Mama chuckled. “What if we decide to stay in Nashville?”
“Then I’ll come visit you real often,” I replied and then added, “And I’ll miss you something awful.”
“You know a lot about that area, so evidently you’ve been, right, Connor?” Annie asked.
“Yes, ma’am.”
“Got any advice for us?” Mama asked.
“Stay in the hotel right on the strip and park your vehicle across the street instead of doing valet parking. You’ll save some money that way, and you’ll be within a block of the Ryman. You could easily spend several days going from one bar to the other, just listening to the music.”
“How far is the Grand Ole Opry from there?” Annie asked.
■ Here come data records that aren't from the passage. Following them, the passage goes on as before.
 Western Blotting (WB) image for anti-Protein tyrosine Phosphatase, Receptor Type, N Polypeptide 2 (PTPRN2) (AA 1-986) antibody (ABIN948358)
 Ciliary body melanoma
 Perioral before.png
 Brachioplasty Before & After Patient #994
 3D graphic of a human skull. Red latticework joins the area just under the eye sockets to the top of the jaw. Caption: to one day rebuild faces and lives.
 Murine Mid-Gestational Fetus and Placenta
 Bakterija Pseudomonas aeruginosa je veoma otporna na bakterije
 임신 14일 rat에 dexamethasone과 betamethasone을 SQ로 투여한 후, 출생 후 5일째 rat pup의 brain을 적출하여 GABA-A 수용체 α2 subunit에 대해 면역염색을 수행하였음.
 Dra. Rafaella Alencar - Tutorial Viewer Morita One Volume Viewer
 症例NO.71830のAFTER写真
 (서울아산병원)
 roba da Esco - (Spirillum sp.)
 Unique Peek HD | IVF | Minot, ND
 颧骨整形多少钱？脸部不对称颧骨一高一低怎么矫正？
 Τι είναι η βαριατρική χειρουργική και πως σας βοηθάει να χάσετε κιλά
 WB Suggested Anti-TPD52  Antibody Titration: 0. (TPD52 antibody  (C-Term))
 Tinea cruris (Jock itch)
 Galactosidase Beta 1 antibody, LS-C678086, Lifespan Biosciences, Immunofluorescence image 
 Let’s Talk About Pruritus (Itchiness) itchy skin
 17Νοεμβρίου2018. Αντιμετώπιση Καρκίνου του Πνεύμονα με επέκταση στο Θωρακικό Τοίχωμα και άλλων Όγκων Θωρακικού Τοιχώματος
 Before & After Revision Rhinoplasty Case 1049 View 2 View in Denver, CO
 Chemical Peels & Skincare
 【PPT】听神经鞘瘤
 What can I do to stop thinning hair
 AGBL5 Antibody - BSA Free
“Across town, and for that you might want to splurge on a taxi or Uber. Traffic can get messy at night in that area. You could also check out Blake Shelton’s venue,” Connor suggested as he stood up. “If you need any more ideas, just holler. I’ll be up here in San Antonio until the end of next week, but ...” He pulled a card from his pocket, wrote on the back, and handed it to me. “Here’s my cell phone number.”
“I guess you learned the strawberry business really good for Everett to already have business cards made up for you.”
“Yep, I guess so. All right if I call you later? I need to be getting back to the hotel.”
“I’ll be home thirty minutes after the mall closes,” I told him.
When he had cleared the area, I narrowed my eyes at my mother. “Have you changed your mind about him?”
“Not where you are concerned,” she declared in a no-nonsense tone.